Mais il y a une autre idéologie, autrement plus terrible, avec laquelle l'analogie est tentante. Dans sa préface, Philippe de Villiers raconte que Soljénitsyne, venu aux Lucs sur Boulogne, l'Oradour vendéen, l'avait compris la Vendée est le premier territoire dans lequel a été programmé un génocide d'État. Patrick Buisson reprend les démonstrations déjà anciennes de Reynald Sécher, il s'appuie sur le livre de Jacques Villemain et dans un album tout public, il lâche sa bombe peut-on encore parler des valeurs de la République quand la République est née dans le sang d'un génocide ? Les textes sont encore plus têtus que les faits, qui peuvent s'évaporer dans les mémoires.
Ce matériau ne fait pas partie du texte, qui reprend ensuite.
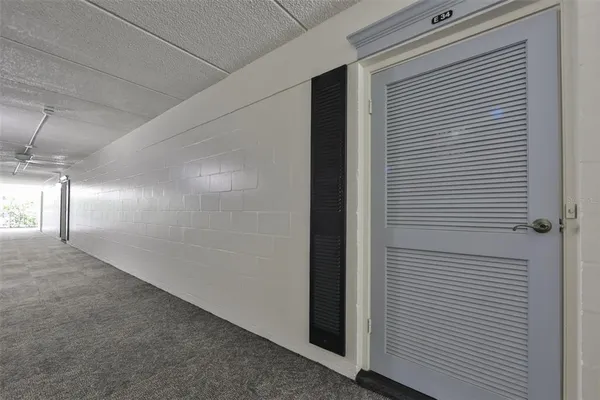 $2,300 | 3325 Bayshore Boulevard, Unit E34, Tampa, FL 33629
Buisson cite les textes de Robespierre, de Barère, de Carnot et de Turreau. C'est accablant. Alors que la République vient d'écraser la révolte des Vendéens à Savenay, alors qu'il n'y a plus aucune nécessité militaire, juste au nom de l'idéologie, on décide d'exterminer les Vendéens, alors que la plupart d'entre eux ont mis bas les armes, simplement pour les punir, parce que cette « engeance », cette race doit disparaître du monde nouveau où la République est reine, après avoir bu le sang du roi.
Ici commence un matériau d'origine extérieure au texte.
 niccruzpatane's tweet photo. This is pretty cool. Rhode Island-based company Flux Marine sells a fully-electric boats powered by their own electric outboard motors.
Le Régime républicain peut-il se remettre d'un tel péché originel ? L'instabilité politique du XIXe siècle montre bien qu'en France même, l'horreur républicaine n’a convaincu personne à cette époque. Les souvenirs de la Terreur sont trop cuisants pour une majorité de Français. Ce n'est pas seulement en Vendée que de tels principes ont été appliqués. À Lyon, devenue « Ville affranchie » après la répression montagnarde, on a compté les cadavres par dizaines de milliers, alors qu'un certain Fouché était représentant en mission. Ces représentants, qui ont littéralement écumé la France au nom de la Convention, Jean-Joël Brégeon et Gérard Guicheteau les appellent « les tyrannosaures de la République. » Ils leur consacrent un livre qui montre que la logique jacobine a partout été la même et qu'il y a eu d'autres Vendées en France sous la Terreur. C'est en Vendée que le système de dépopulation a été le plus loin, de la manière la plus systématique et la plus durable. En Vendée, le crime contre l'humanité est avéré. Il est presque parfait. Jusqu'à ces fumigations exterminatrices expérimentées à Nantes par Carrier et qui annonce étrangement le zyklon B !
✍︎ Patrick Buisson, La grande histoire des guerres de Vendée, éd. Perrin, 276 pages richement illustrées, 29 €.
✍︎ Jean-Joël Brégeon et Gérard Guicheteau, Les tyrannosaures de la République, éd du Rocher 196 p., 18 €.